President Obama has identified three overarching priorities for STEM education necessary for laying a new foundation for America’s future prosperity: increasing STEM literacy so all students can think critically in STEM subjects, improving the quality of math and science teaching so American students are no longer outperformed by those in other nations and expanding STEM education and career opportunities for underrepresented groups, including women and minorities.
The President’s 2012 budget request and Blueprint for Reform of the Elementary and Secondary Education Act are designed to help to strengthen America’s leadership in the 21st century by improving STEM education.
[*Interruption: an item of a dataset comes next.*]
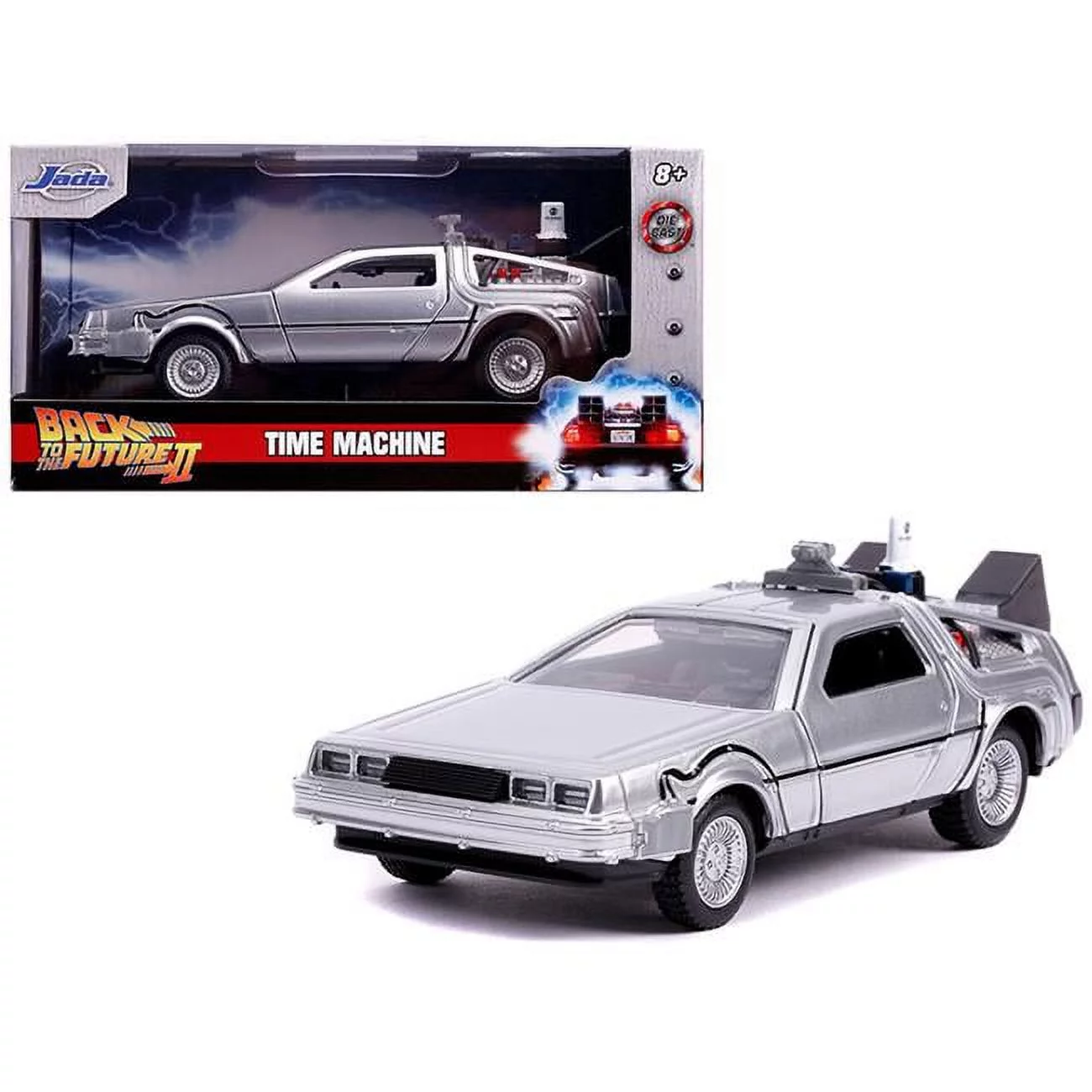 Jada DeLorean DMC Time Machine Silver Back to the Future Part II 1989 Movie Hollywood Rides Series 1 by 32 Diecast Model Car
For example, the President has announced an ambitious goal of preparing 100,000 STEM teachers over the next decade, with at least 10,000 STEM teachers recruited over the next two years.
Most recently, efforts to improve STEM education throughout the country have gotten a boost, due to several grants.
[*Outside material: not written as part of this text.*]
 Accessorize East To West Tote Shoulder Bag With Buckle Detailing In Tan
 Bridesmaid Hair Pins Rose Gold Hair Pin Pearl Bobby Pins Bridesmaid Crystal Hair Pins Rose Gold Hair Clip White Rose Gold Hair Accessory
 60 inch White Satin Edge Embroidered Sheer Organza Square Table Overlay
- Researchers at the University of Virginia and the Concord Consortium have received a $1.35 million NSF grant to create new kinds of science lab activities that bridge virtual and real environments, according to a UVA press release.
- The Massachusetts Institute of Technology‘s (MIT) Education Arcade is getting $3 million from the Bill & Melinda Gates Foundation to design, build, and research a multi-player online game to help high school students learn math and biology.
- The Northrop Grumman Foundation has announced a new initiative that will provide 16 middle and high school science teachers the chance each year to visit Costa Rica to experience firsthand field collection of biodiversity and climate data, and bring these learning opportunities to their classrooms.
The Bottom Line:
Interest in STEM Education and the importance of these fields of study has garnered increasing attention over the past couple of years. STEM is now a keyword that many education officials, organizations, businesses, teachers, students and parents are aware of. Private donors as well as charitable foundations and federal and state governments help fund grants for programs that focus on STEM areas. Millions of dollars in grants have been awarded to schools, programs, and districts for projects ranging from geo-caching to robotics to math tutoring. The hope is that greater strides in STEM education will be taken in the coming years to keep the United States competitive in these areas.